In some cases, students with limited credit history or poor credit would need a cosigner. Having a cosigner could also benefit students with solid credit, as they might qualify for a lower interest rate. As previously mentioned, students who take out a private loan should be sure to minimize the amount of loans they take out due to the high cost of borrowing a private loan.

Federal Chase Student Loans: Like many lenders who service federal loans, Chase was a major player in the student loan business. Students were able to choose Chase Bank as their lender of origin for any of the following federal loans that they borrowed: Federal PLUS Loan (for parents), Federal Direct Loan Consolidation, Perkins Loan, and the Stafford Loan.
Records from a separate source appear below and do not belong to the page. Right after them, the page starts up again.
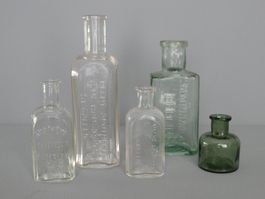 ANTIKE APOTHEKER GLAS-FLÄSCHCHEN ST.GALLEN HERISAU BERLIN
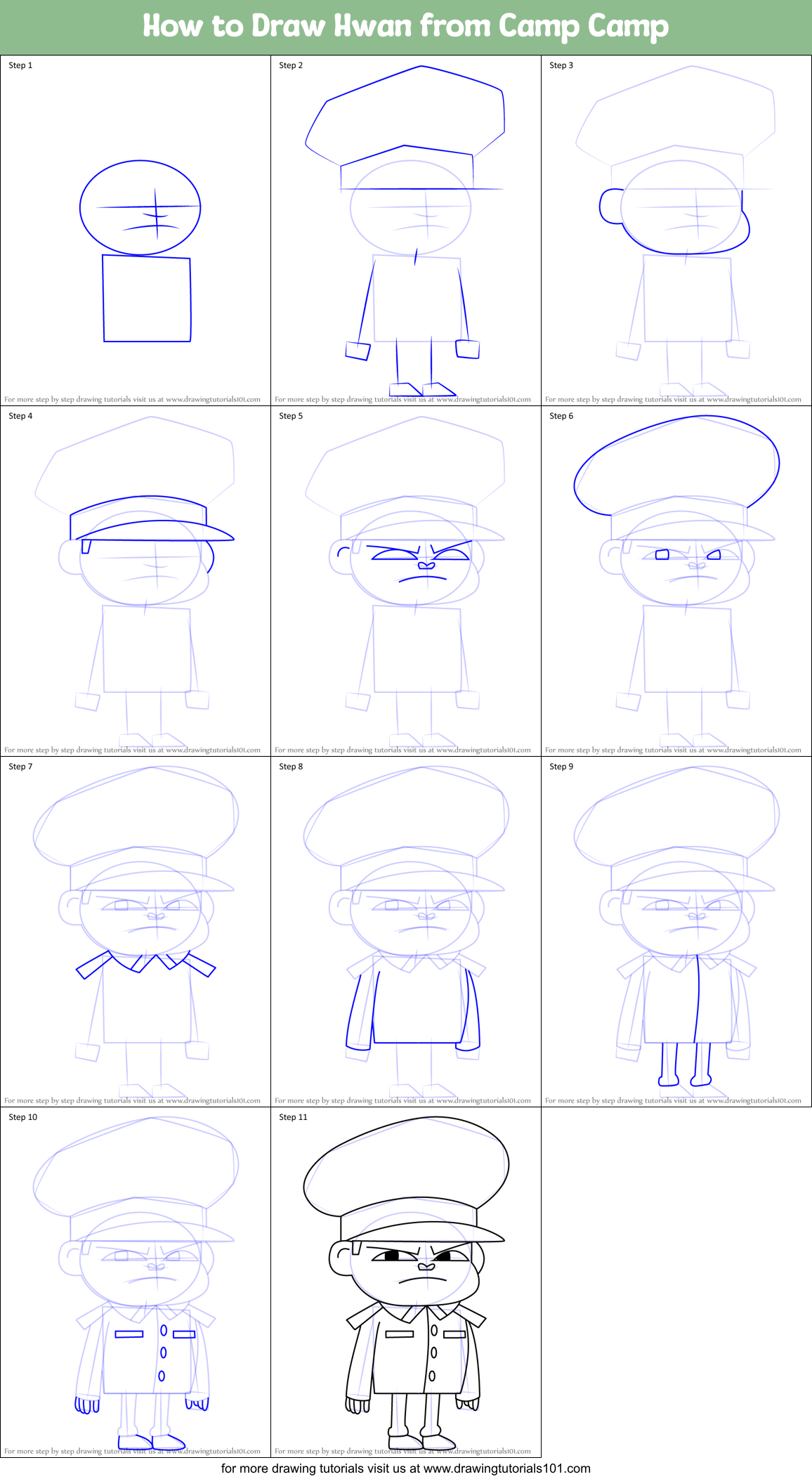 How to Draw Hwan from Camp Camp Printable Step by Step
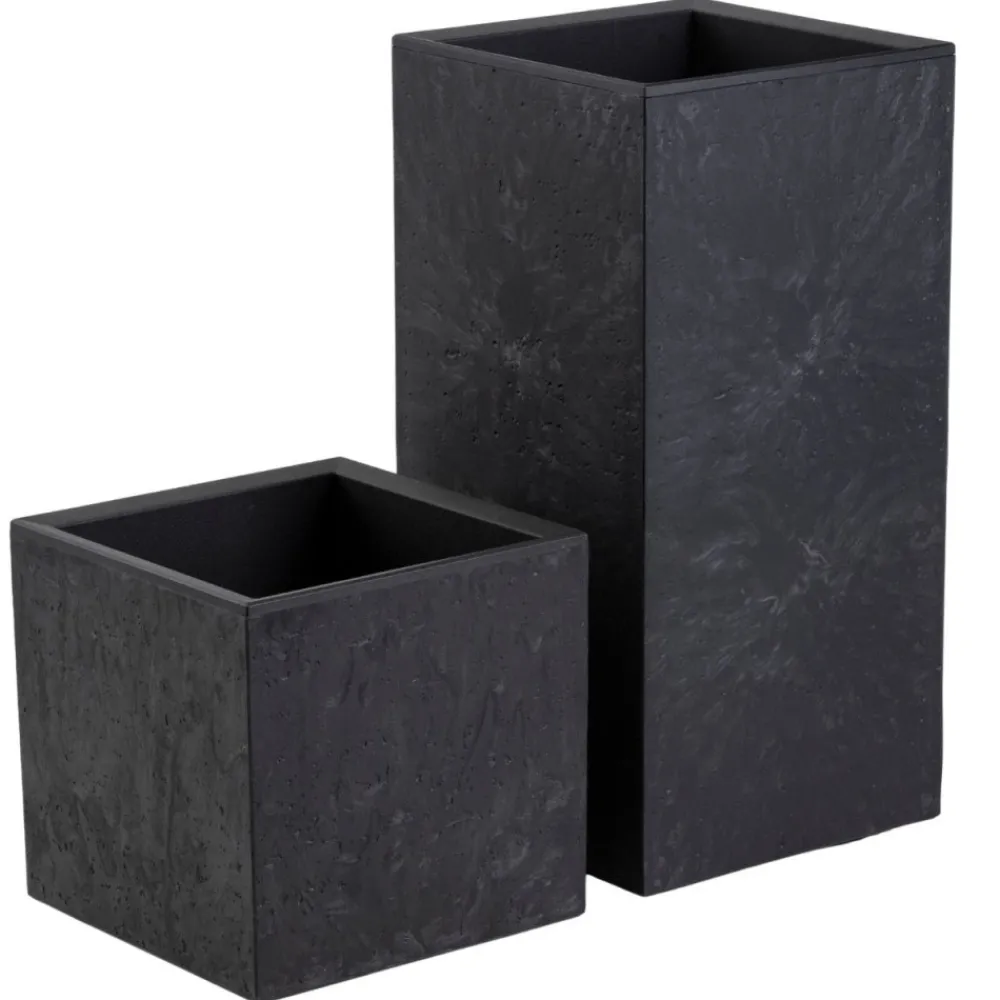 Zestaw donic na kółkach Betonique Słupek czarny beton 2 szt * HowHomely Outlet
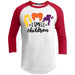 I Smell Children Raglan T-Shirts CustomCat White/Red X-Small 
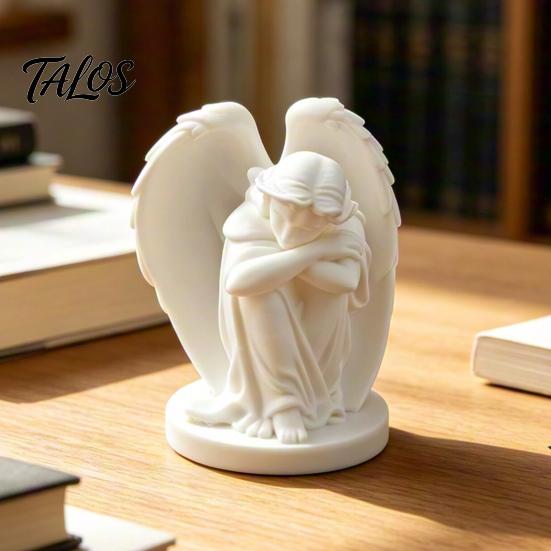 Sleeping Angel Ornament 3D Printed Ornament, Minimalist Figurine Desktop Miniature Decor, Aesthetic Sculpture for Home Office Shelves Decorations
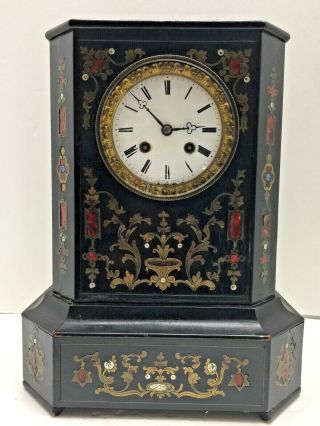 Antique 1860 French Leroy Paris Ebonised Wood Mantle Clock W Inlay Enamel Face
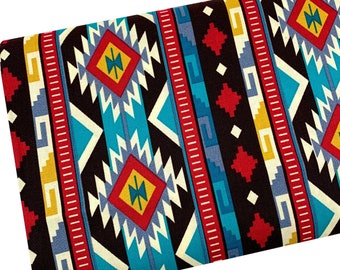 End of the Bolt 11"x 44" Tribal Turquoise Fabric, Western Aztec, Quilting Cotton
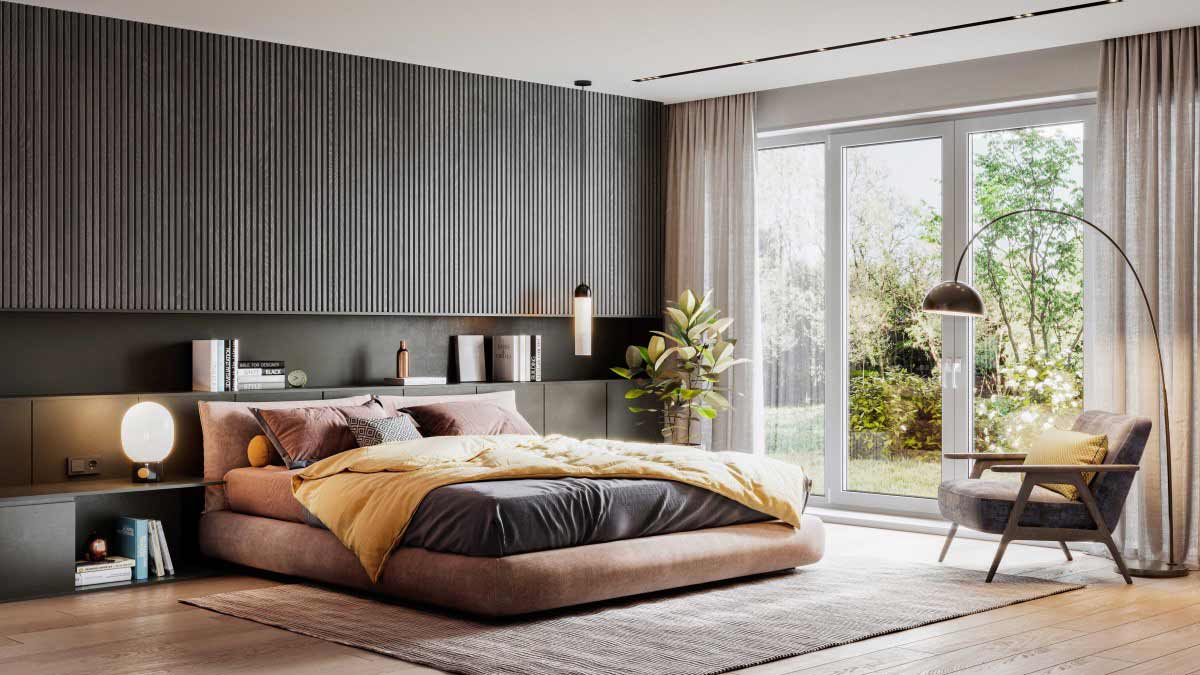 Bedroom with floor to ceiling windows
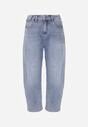 Niebieskie Jeansy Mom Fit z Bawełną High Waist Hippamene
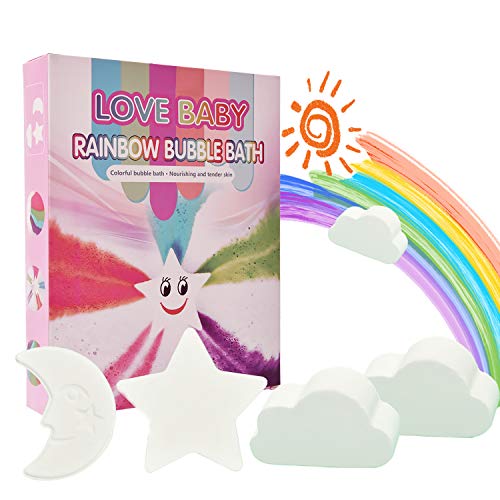 asita Rainbow Bath Bombs for Kids, 4 Large 4.5oz Natural Cloud Bath Bombs for Women Bubble Bath Moisturize Skin, Great Birthday Gift for Kids Women Girlfriend Wife
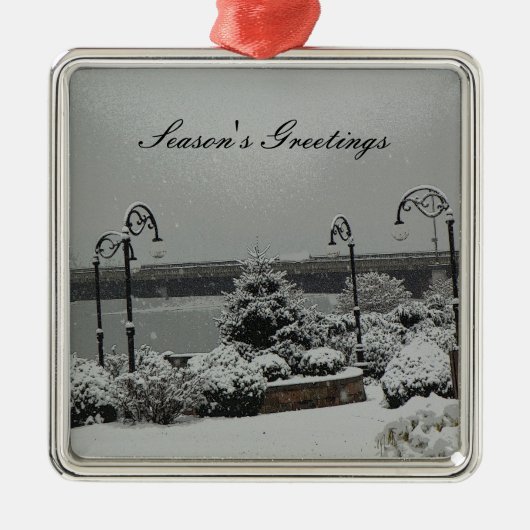 Verzierungs-Flussufer-Park Silbernes Ornament (Vorne)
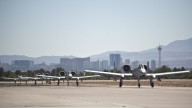 A-10C Thunderbolt IIs taxi down down the runway during Exercise Red Flag 12-4 at Nellis Air Force Base, Nev. The A-10s are assigned to Moody AFB, and the base's 23rd Wing is the lead wing for Red Flag this year and has more than 200 people deployed to Nellis AFB to support the air combat readiness exercise. (U.S. Air Force photo/Staff Sgt. Christopher Hubenthal)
Students who borrowed federal loans through Chase received a number of benefits. First, given the large size of the company, it was easy to obtain customer service, loan support, and loan advice before deciding which loan to apply for and which loan to borrow. In addition, students had access to competitive low interest rates, which were fixed for the life of the loan. Even though the lender was Chase, students benefited from the guarantees of having a federal loan, such as the ability to have deferment or forbearance protection.

It is currently unclear when and if Chase will ever resume serving as a primary lender for federal student loans. Students who currently have loans with Chase can find contact information at this website. This website also includes a list of frequently asked questions and indicates that current student loans are being serviced through AES.

Where Can I Find a Good Student Loan?

Since Chase is not currently offering either private or federal student loans, students who wish to borrow a new loan to fund their studies will need to find a different credit union or bank. As you compare your options, make sure that you read all the fine print. In some cases, certain large banks are able to offer a number of perks. However, going with a smaller company as a lender sometimes has the advantage of being able to provide better customer support. In addition to comparing the benefits, you will certainly want to compare the different interest rates you qualify for while considering which loan to borrow.